Saturday night musical entertainment free

Dogs are allowed on-site but must be kept on a lead at all times.

Hope to see lots of you there.

Our facebook page is here if you would like to join us on there as unfortunately the rally listing page is now none functioning on here

https://www.facebook.com/groups/957854264264408/


----------



## xgx (Oct 14, 2005)

This will be the third year that I've contacted the organisers about rates for single campers

maybe this year they will bother their Rs to reply...


----------



## LadyJ (May 9, 2005)

Graham its the same price for everyone if you just want to go for the 2 days with the organiser's its £35 you pay on the gate, or you can come with us for 4.1/2 days for £45, as far as im aware they do not do a separate price for single campers. Other option is just go for the day over 65s is £7 this includes parking in day visitor part.

Jacquie


----------



## xgx (Oct 14, 2005)

Thanks Jacquie

I won't hold me breath waiting for a reply from the organisers.
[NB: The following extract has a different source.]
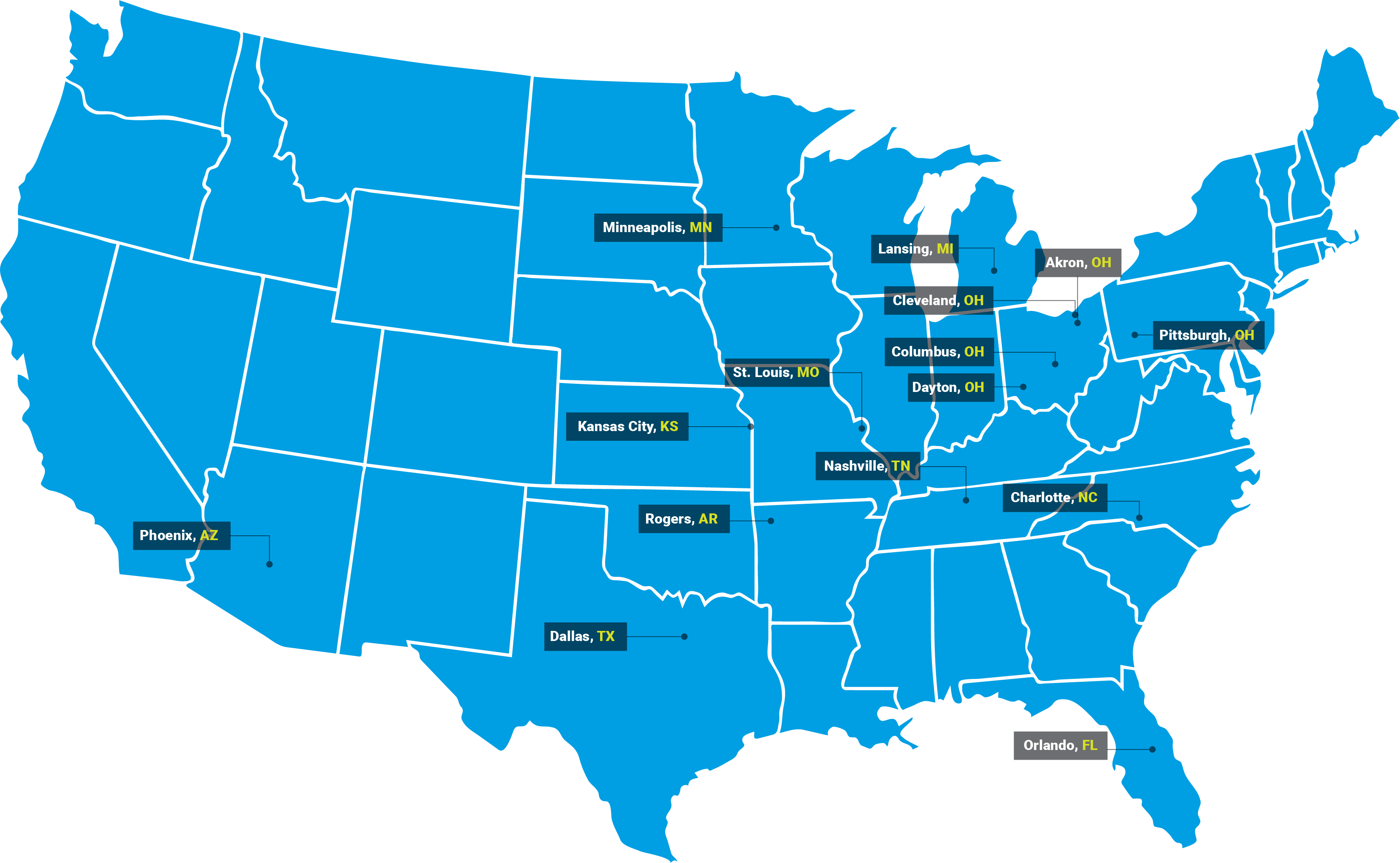 CESO Office Locations Map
I'll give it a miss, damned if I'm going to subsidise, out of my pension, an extra adult and two kids when there's just me and the dog 

I've found an alternative: The resort featured in the Carry On film about a beauty contest ...>


----------



## raynipper (Aug 4, 2008)

I know I'm probably out of touch but thats quite a lot of money to pay for parking to peruse traders stalls. Like motorhome shows it's the dealers and retailers who pay for the sites and Jo Public also gets charged just to look at whats on offer. After all we don't pay to look round the shops...……….. do we?

Ray.


----------



## LadyJ (May 9, 2005)

Actually guys its a dam good show if you like steam rollers, horses, dogs, old cars & motorbikes etc, free entertainment in the bar and no way near as dear as some of the bigger Steam shows, plus if you camp with us you get to meet some really nice folks and we usually have something going on on our pitch too depending on the weather.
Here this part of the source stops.